Want to learn data science in Python? Sign up now.

How to explain the fact that on successively running “np.random.randn(5,4)” I get groups of values , which suggest there are different “clusters” of randomness?

np.random.randn(5,4)

Out[156]:

array([[ 0.19079432, 1.97875732, 2.60596728, 0.68350889],

[ 0.30266545, 1.69372293, -1.70608593, -1.15911942],

[-0.13484072, 0.39052784, 0.16690464, 0.18450186],

[ 0.80770591, 0.07295968, 0.63878701, 0.3296463 ],

[-0.49710402, -0.7540697 , -0.9434064 , 0.48475165]])

but later:

np.random.randn(5,4)

Out[157]:

array([[-1.16773316e-01, 1.90175480e+00, 2.38126959e-01,

1.99665229e+00],

[-9.93263500e-01, 1.96799505e-01, -1.13664459e+00,

3.66479606e-04],

[ 1.02598415e+00, -1.56597904e-01, -3.15791439e-02,

6.49825833e-01],

[ 2.15484644e+00, -6.10258856e-01, -7.55325340e-01,

-3.46418504e-01],

[ 1.47026771e-01, -4.79448039e-01, 5.58769406e-01,

1.02481028e+00]])

Try re-running the code, but use

`np.random.seed()`

before.After you do that, read our blog post on Numpy random seed from start to finish:

https://www.sharpsightlabs.com/blog/numpy-random-seed/

This is not an answer to my question, but a way to avoid the problem.

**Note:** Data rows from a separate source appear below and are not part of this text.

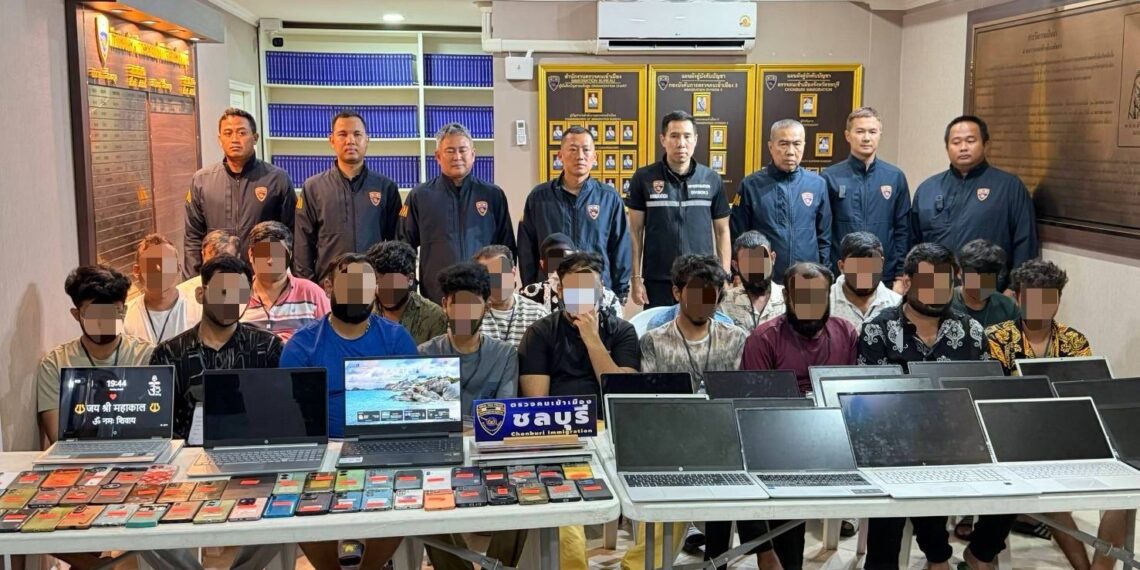 ตม.ชลบุรี ปลอมตัวเป็นช่างไฟ บุกทลายแก๊งอินเดียลักลอบตั้งออฟฟิศเทรดหุ้น-คริปโทเคอร์เรนซีเงินหมุนเวียนเดือนละ 30 ล้าน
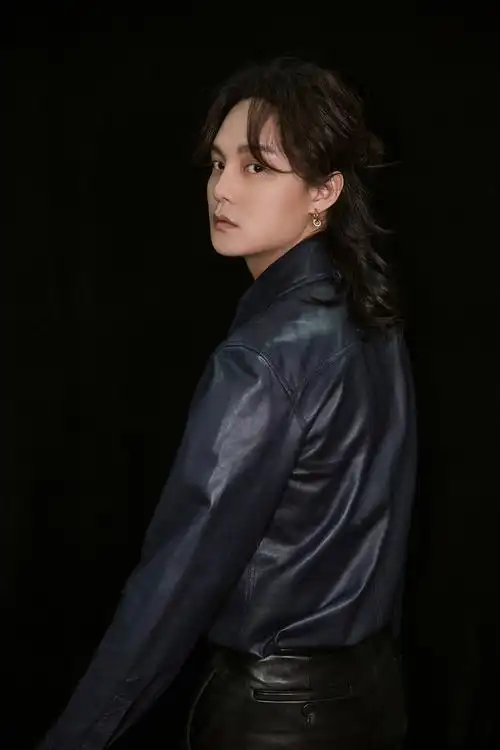 尹正长发出席某品牌活动 分享另类穿搭幽默满分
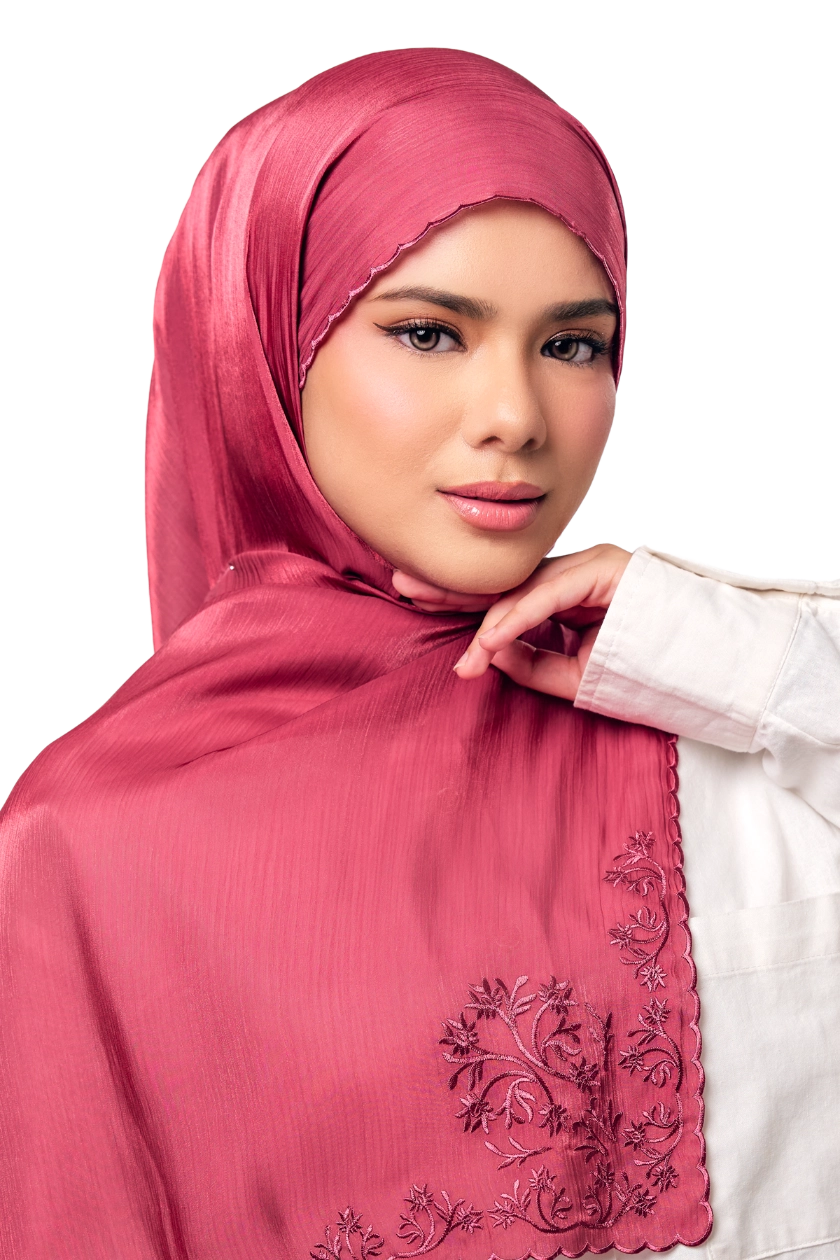 Sulam Juita Shiny Crinkle Satin Chiffon Scarf in Maroon Menawan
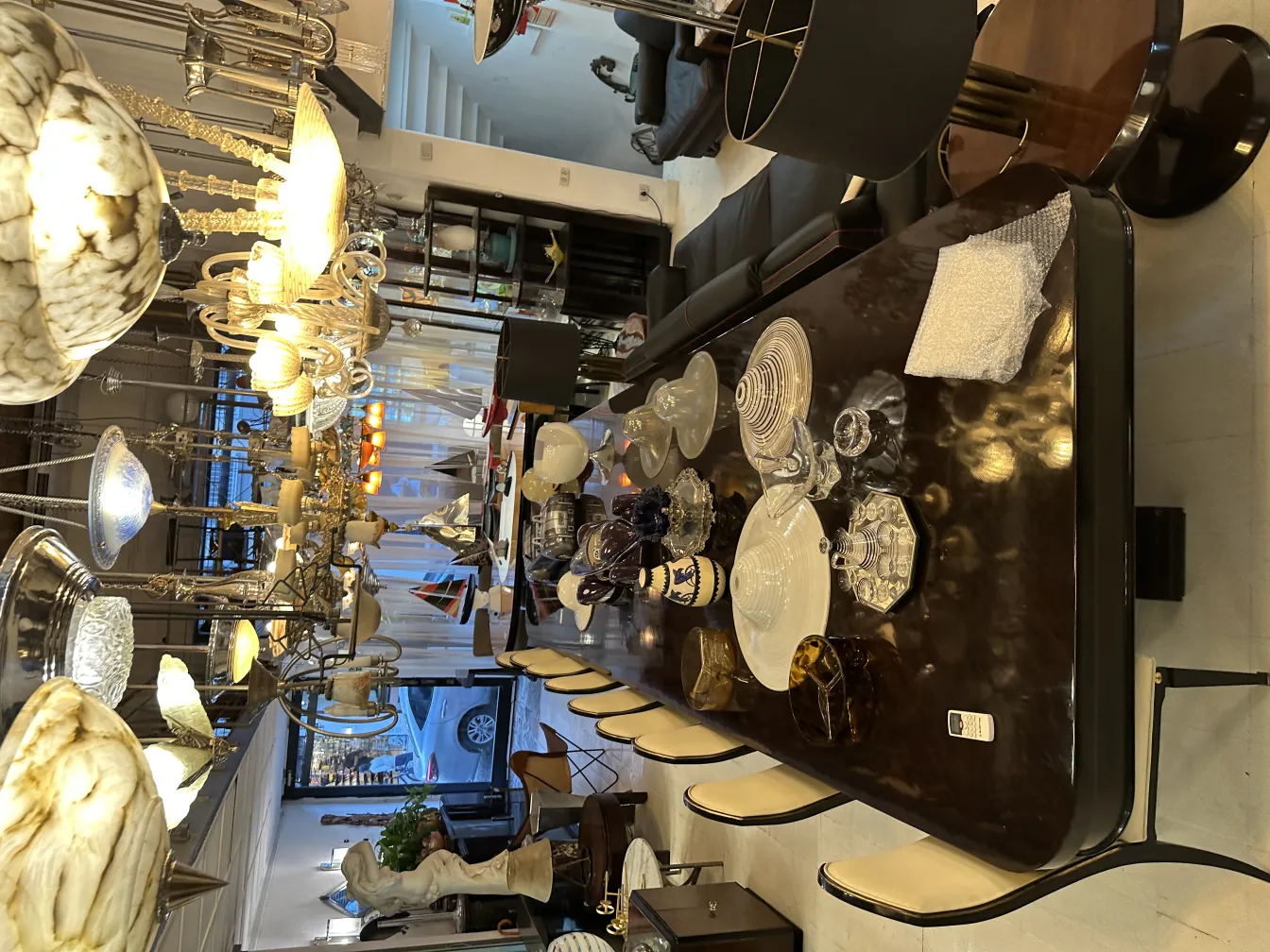 Lámpara de techo antigua de cristal brillante en un ambiente elegante con una mesa decorada.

I answered this question in the Numpy random seed tutorial.

https://www.sharpsightlabs.com/blog/numpy-random-seed/

In that tutorial, I spent almost 4000 words answering your question in great detail.

It takes at least that much space to really explain why this is happening. I’m not going to repeat myself here.

Stop being lazy. Read that blog post and you’ll get the answer.

I enjoy reading ur material. You have the ability to step into a mindset of a beginner and phrase ur blog around that. Thank you for sharing that ability.

Thanks for the complement, Robert. Much appreciated.

That’s really how we try to approach our material: enter the mindset of the beginner, and constantly ask “why” ….

Thank you for this. I’ve learned a lot from you.